For sampleFDO, because the optimized build uses profile generated from previous release, previously we couldn't tell a function without profile was truely cold or just newly created so we had to treat them conservatively and put them in .text section instead of .text.unlikely. The result was when we persuing the best performance by locking .text.hot and .text in memory, we wasted a lot of memory to keep cold functions inside.

In https://reviews.llvm.org/D66374, we introduced profile symbol list to discriminate functions being
cold versus functions being newly added. This mechanism works quite well for regular use cases in AutoFDO. However, in some case, we can only have a partial profile when optimizing a target. The partial profile may be an aggregated profile collected from many targets. The profile symbol list method used for regular sampleFDO profile is not applicable to partial profile use case because it may be too large and introduce many false positives.
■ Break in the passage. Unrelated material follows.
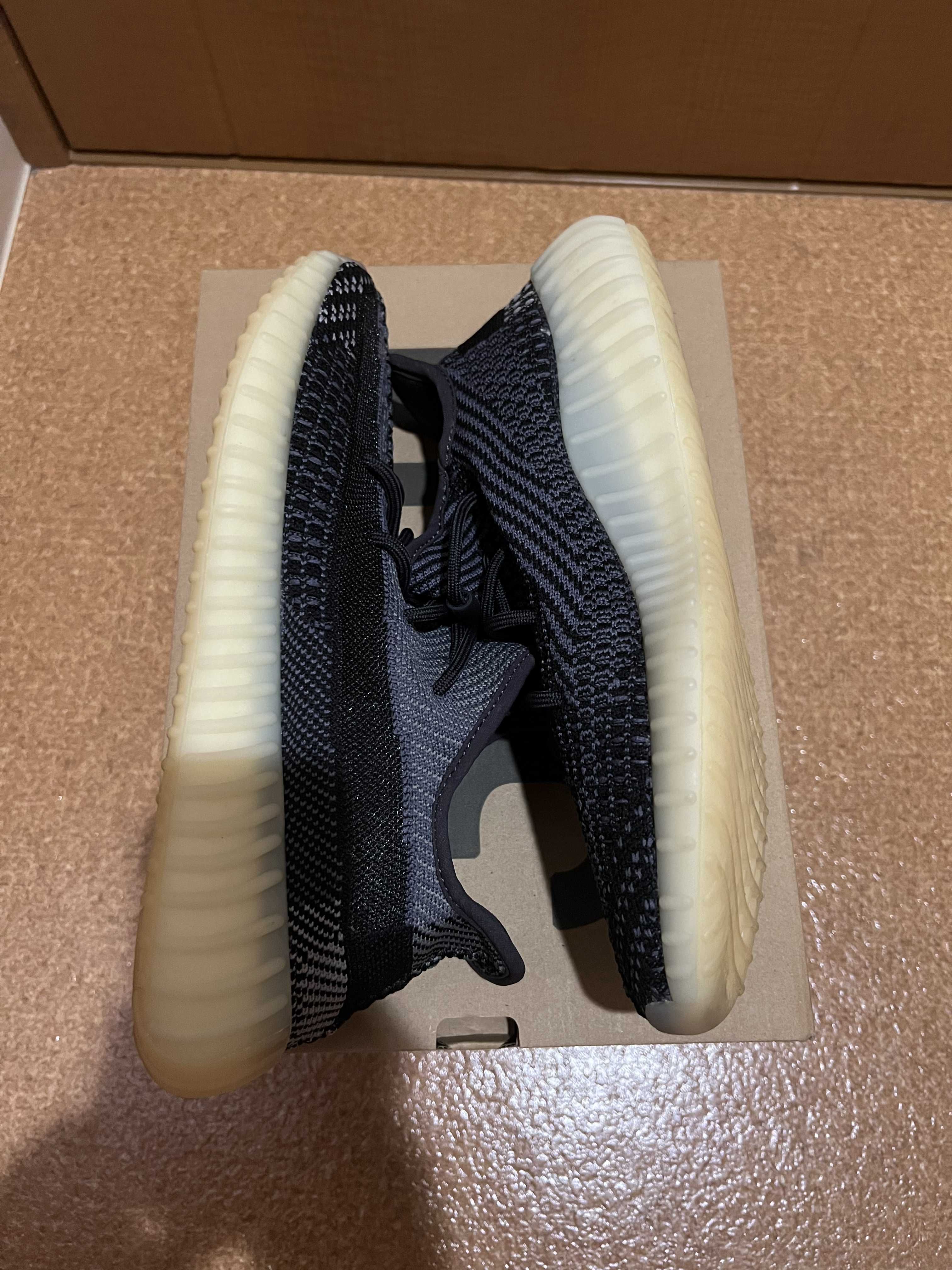 adidas YEEZY Boost 350V2 "Carbon"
To solve the problem for partial profile use case, I want to resurrect this patch. In this patch, we provide an option called --profile-unknown-in-special-section. For functions without profile, we will still treat them conservatively in compiler optimizations -- for example, treat them as warm instead of cold in inliner. When we use profile info to add section prefix for functions, we will discriminate functions known to be not cold versus functions without profile (being unknown), and we will put functions being unknown in a special text section called .text.unknown. Runtime system will have the flexibility to decide where to put the special section in order to achieve a balance between performance and memory saving.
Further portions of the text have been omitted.